The other day someone asked us where the lawsuits were over loss of intellectual property. After all, we (among others) have been saying that at $300 billion a year, the preventable loss of intellectual property and critical information to competitive intelligence, economic espionage, theft, and inappropriate disclosure would soon come with a costly penalty attached.
As it happens, there have been a number of such lawsuits, but in each case they have been settled long before reaching court. This is no surprise: If the company went to court over preventable losses for which they did not have required internal controls, it would have been even more expensive. Plus, the likelihood is that had any of these cases actually gone to court it would have forced the involvement of the SEC, which would have been more costly still. This is because the SEC allows companies to determine for themselves what constitutes being material. But if they decide wrongly, as shown by shareholder suits, the SEC is likely to appear on the scene doing its best imitation of a dropping ton of bricks.
How expensive was the experience for the companies involved in these lawsuits?

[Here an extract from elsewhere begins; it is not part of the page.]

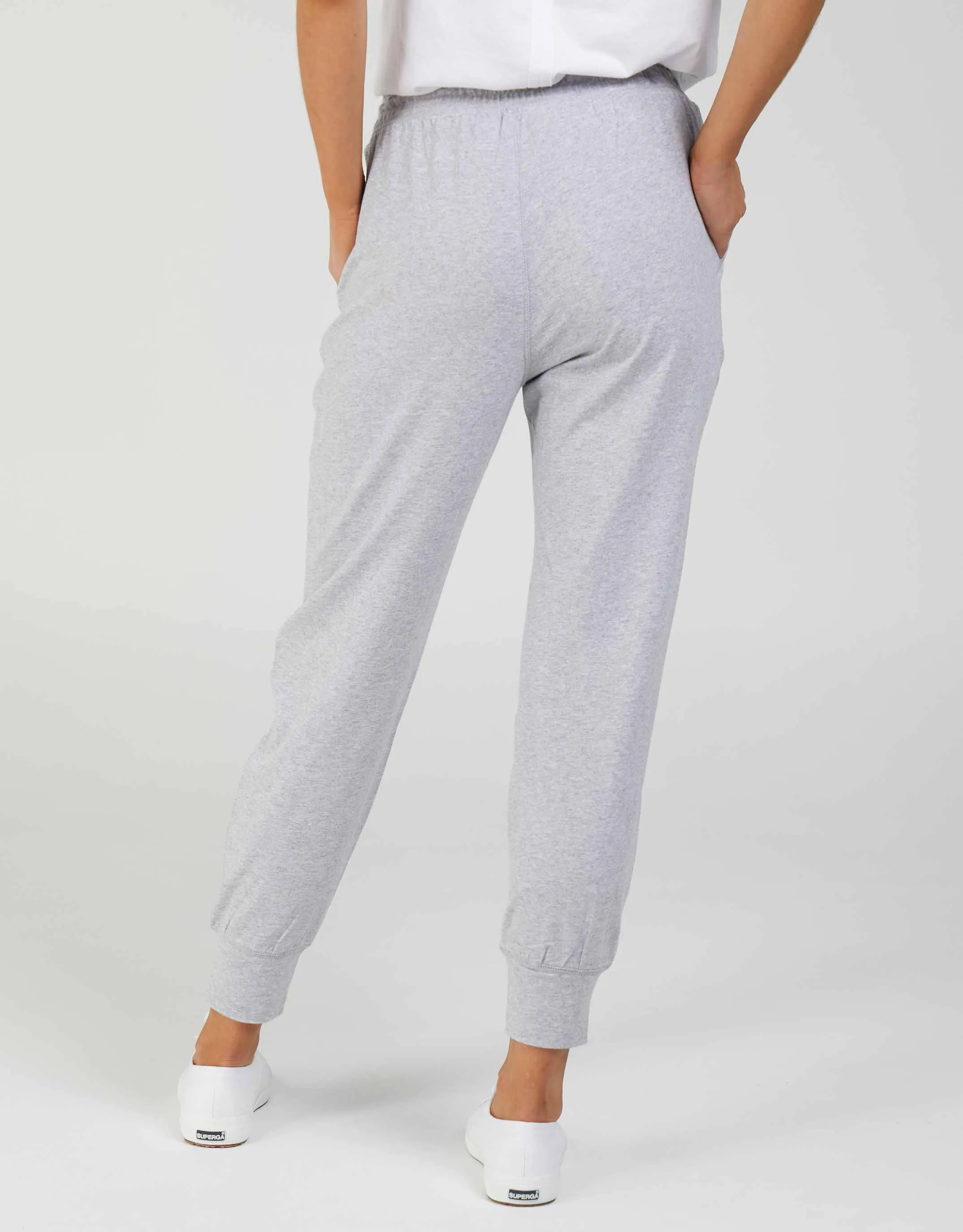 Wash Out Lounge Pants - Grey Marle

Unfortunately, settlements tend to be confidential, so we don’t really know. But all indications are that the settlements cost a great deal more than it would have cost to implement a best practices OPSEC program, which would have prevented the lawsuits from being filed in the first place. In fact, we would guess that the cost of litigation was more than it would have cost to implement an OPSEC program!
And this doesn’t include the losses themselves! Again, the best estimates are that the average cost of an incident in a manufacturing environment is $50 million, and $500,000 in a non-manufacturing environment, with a second and third incident commonly being discovered. While corporate counsel may assure you that losing $100 million is not material, your CFO, who understands the importance of money and who has to put his signature on your financials, should tell you otherwise. In Jeremy Hope’s Reinventing the CFO (which we will discuss in a future issue), American Express CFO Gary Crittenden discusses measures which saved $100 million a year. If $100 million matters to American Express, it probably matters to you.
And don’t think that the lawsuits are going to go away. It is the projection from our insiders in the activist shareholder arena that loss of IPCI is going to be a major issue in shareholder suits, and management shakeups. One is currently underway wherein the shareholders are attempting to reverse management’s bonuses of the previous two years and terminate management for cause. The activists are making an aggressive claim that, if IPCI lost were reflected in the balance sheets, the write down would have wiped out the profits on which the bonuses were paid.
In the best of all possible worlds CFOs would insist that OPSEC programs be put into place, but many are still unfamiliar with the problem, even when it is happening to their company. We like to think that as the lawsuit bandwagon picks up speed and volume this will change, with CFOs finally starting to implement internal controls to eliminate these needless losses.